Assignment: Repeat exactly, and only, the lines from the one containing "Gestreepte Glazen Drinkbeker" through the end of the records.

Records for processing:
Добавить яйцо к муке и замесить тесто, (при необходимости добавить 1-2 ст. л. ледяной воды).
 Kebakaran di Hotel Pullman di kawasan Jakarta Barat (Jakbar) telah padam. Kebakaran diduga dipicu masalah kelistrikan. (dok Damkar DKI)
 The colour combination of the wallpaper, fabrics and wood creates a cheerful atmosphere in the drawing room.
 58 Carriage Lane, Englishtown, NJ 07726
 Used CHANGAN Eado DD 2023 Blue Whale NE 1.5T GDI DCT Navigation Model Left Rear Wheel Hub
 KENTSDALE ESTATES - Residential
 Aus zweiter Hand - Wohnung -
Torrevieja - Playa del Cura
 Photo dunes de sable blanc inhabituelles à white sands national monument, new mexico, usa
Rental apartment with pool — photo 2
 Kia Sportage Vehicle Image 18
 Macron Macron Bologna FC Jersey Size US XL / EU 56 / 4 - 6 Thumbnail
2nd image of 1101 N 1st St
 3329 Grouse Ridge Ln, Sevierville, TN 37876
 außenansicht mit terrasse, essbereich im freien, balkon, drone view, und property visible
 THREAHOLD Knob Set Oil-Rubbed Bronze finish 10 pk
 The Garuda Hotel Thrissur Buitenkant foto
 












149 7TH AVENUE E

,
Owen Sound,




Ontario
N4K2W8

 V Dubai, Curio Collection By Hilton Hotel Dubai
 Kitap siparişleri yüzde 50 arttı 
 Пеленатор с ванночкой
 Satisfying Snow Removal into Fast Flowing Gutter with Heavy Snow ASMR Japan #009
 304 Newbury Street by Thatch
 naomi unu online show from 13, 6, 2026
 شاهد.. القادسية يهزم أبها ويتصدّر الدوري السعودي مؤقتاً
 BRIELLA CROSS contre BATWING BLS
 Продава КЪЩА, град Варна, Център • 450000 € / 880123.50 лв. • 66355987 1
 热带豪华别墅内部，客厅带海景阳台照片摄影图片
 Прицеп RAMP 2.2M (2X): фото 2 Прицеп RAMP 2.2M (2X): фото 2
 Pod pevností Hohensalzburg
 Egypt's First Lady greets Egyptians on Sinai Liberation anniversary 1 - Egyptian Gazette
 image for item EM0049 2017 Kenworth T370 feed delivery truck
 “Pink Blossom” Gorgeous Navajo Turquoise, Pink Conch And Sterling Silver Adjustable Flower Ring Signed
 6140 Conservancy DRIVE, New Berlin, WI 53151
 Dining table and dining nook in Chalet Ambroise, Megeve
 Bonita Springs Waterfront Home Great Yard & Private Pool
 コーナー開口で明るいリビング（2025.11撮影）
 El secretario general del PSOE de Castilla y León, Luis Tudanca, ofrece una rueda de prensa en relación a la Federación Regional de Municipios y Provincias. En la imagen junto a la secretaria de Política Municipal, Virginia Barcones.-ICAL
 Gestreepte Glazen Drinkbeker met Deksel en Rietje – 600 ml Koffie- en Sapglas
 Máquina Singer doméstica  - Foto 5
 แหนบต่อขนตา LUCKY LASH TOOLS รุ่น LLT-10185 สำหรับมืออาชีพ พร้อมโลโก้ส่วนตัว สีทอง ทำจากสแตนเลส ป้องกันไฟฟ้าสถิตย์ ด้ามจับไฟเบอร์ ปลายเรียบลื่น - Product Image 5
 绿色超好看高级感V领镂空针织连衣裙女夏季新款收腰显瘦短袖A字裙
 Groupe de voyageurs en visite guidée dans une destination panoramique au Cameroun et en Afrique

Output for this exercise:
 Gestreepte Glazen Drinkbeker met Deksel en Rietje – 600 ml Koffie- en Sapglas
 Máquina Singer doméstica  - Foto 5
 แหนบต่อขนตา LUCKY LASH TOOLS รุ่น LLT-10185 สำหรับมืออาชีพ พร้อมโลโก้ส่วนตัว สีทอง ทำจากสแตนเลส ป้องกันไฟฟ้าสถิตย์ ด้ามจับไฟเบอร์ ปลายเรียบลื่น - Product Image 5
 绿色超好看高级感V领镂空针织连衣裙女夏季新款收腰显瘦短袖A字裙
 Groupe de voyageurs en visite guidée dans une destination panoramique au Cameroun et en Afrique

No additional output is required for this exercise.